Quentin J. Smith – “Quentin J. Smith Jr.,” Virginia Changemakers, accessed December 14, 2023, https://edu.lva.virginia.gov/changemakers/items/show/406.

Monica Beltran – “Monica Beltran,” Virginia Changemakers, accessed December 14, 2023, https://edu.lva.virginia.gov/changemakers/items/show/152.

William E. Bailey – “William E. Bailey,” Virginia Changemakers, accessed December 14, 2023, https://edu.lva.virginia.gov/changemakers/items/show/248.

Clara Leach Adams-Ender – “Clara Leach Adams-Ender,” Virginia Changemakers, accessed December 14, 2023, https://edu.lva.virginia.gov/changemakers/items/show/107.

Florence Farley – “Florence Farley,” Virginia Changemakers, accessed December 14, 2023, https://edu.lva.virginia.gov/changemakers/items/show/27.

William Harvey Carney – “William Harvey Carney,” Virginia Changemakers, accessed December 14, 2023, https://edu.lva.virginia.gov/changemakers/items/show/249

Depending on the age level you may want to set up specific questions for everyone to use or allow students to choose those topics that interest them the most.

What was it like to serve in the military?

Students will compile questions, practice interviewing skills and finally conduct their own interview with a veteran of the military.

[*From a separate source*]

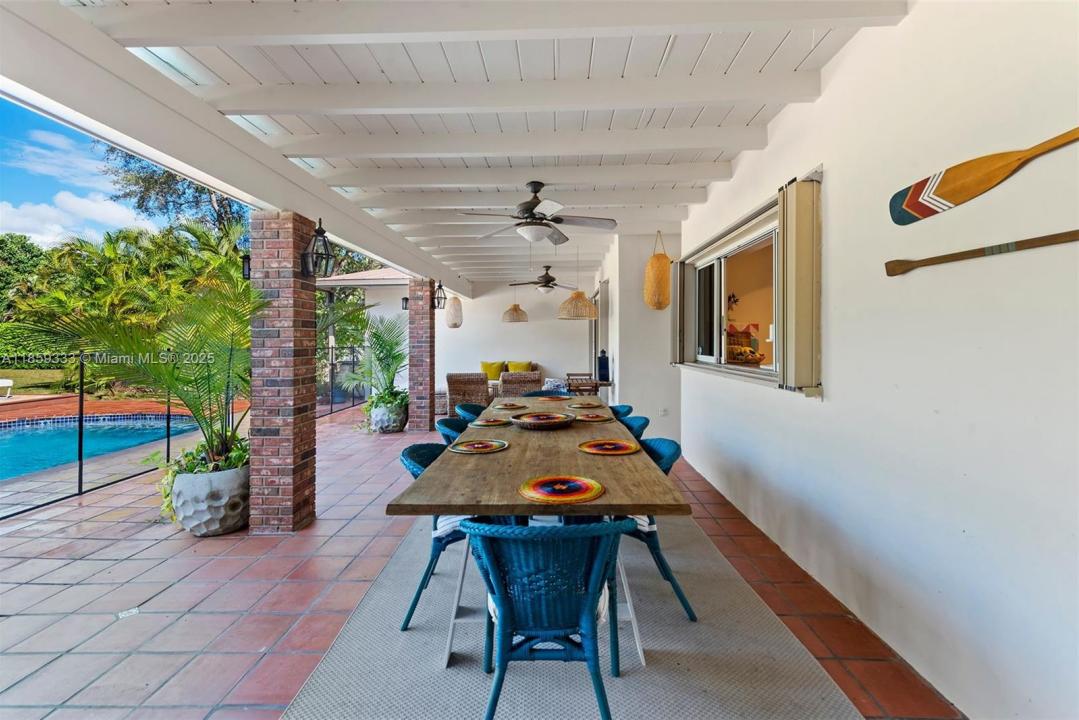 11420 SW 80th Rd, Pinecrest, Florida 33156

  • Interview – a of people face to face
  • Question – a sentence worded or expressed so as to elicit information
  • Gracious – courteous, kind, and pleasant
  1. Students will use as an example the list of questions provided on the Library of Congress website: https://www.loc.gov/programs/veterans-history-project/how-to-participate/sample-interview-questions/
  2. After looking at and discussing with students, determine the top 10 questions that they feel would best be used in order to interview a veteran.  (Depending upon grade level the depth of questions will vary)
  3. Students can choose to put these questions on index card and/or in a google doc for easy access when they interview their veteran
  4. Students can choose to seek out their own veteran (family member, neighbor, family friend) OR if unable to find one on their own the teacher will provide individuals that will come to school to be interviewed by students.
  5. Students will be given the choice to showcase their information obtained by the veteran in one of three ways (Google Slide, Tri-Fold board, or typed report).

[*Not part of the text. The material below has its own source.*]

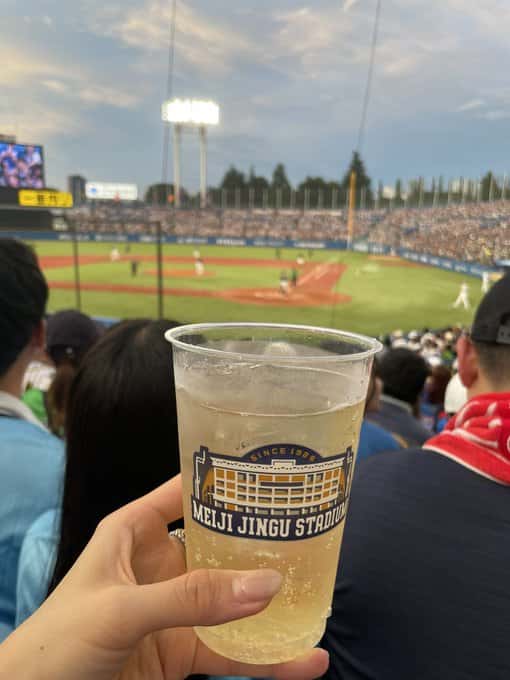 人気アナウンサーがビール片手に野球観戦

If students do not have any relatives and/or acquaintances that are veterans the teacher may have to provide individuals for the students to interview.

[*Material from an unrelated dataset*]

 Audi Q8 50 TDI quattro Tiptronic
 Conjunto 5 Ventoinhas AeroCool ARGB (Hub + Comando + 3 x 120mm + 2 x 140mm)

How has being a part of the military changed your life?

Students will conduct their one-on-one interview with a Veteran and display their information for the museum walk

  • Interview – a of people face to face
  • Question – a sentence worded or expressed so as to elicit information
  • Gracious – courteous, kind, and pleasant
  1. Students will conduct their interview with their assigned or chosen individual making sure to ask and record the answers from the interview
  2. Students will then take this information and create one of the following items 
    • Google Slide with at least 6 slides with pictures on each slide
    • A tri-fold board that allows all of the information to be shown
    • A typed 2 page report, double spaced, no larger than a font size of (12)
  3. Students will be placed throughout the halls and will be ready to share information to the “guests” about their experience and what they learned overall    
  4.  After the museum students will come back together to share some of their insights that were gained during this experience and provide their rose/thorn of the entire involvement of the unit study.